His most recognised rescue was of the sole survivor of the paddle-steamer Cawarra which sank on the port’s Oyster Bank in a heavy gale in July 1866, becoming Newcastle’s worse maritime disaster.
As a proud Bob Suker added: “Quite a family, eh”. However, he still cautions that certain repeated stories, particularly about James Hannell, may have been embellished by “artistic licence” over the past 141 years.
Perhaps he had in mind something Hannell biographer Dan O’Donnell came across among Newcastle Public Library’s treasures while researching his book about James Hannell called Currency Lad in 1993.
Although a town alderman and local member, Hannell’s other life experiences caused him to dispense a humanitarian kind of frontier justice.
For O’Donnell discovered a NSW Chief Justice had apparently remarked that Hannell was “a magistrate of exceptional ability”.
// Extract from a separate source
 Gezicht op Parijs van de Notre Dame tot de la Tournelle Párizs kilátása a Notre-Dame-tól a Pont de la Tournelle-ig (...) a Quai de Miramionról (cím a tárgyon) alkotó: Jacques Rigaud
Besides recalling his mother’s own struggle for survival in early convict Newcastle, Hannell must have had vivid memories of his time working as a young police constable between 1833 and 1836 in rough, post-penal settlement Newcastle
Anyway, an undated library clipping from years after Hannell’s death reported on one reputed Solomon-like decision in a disputed ownership case.
Hannell was presiding on the bench when a hearing came up involving two woman who were both claiming ownership of the same ducks.
To settle the issue, magistrate Hannell ordered the disputed ducks (being held within the court precincts) released with the sergeant of police present being told to carefully watch where they went.
The ducks waddled straight out and home, much to the discomfort of one woman who was unlawfully claiming them, O’Donnell wrote.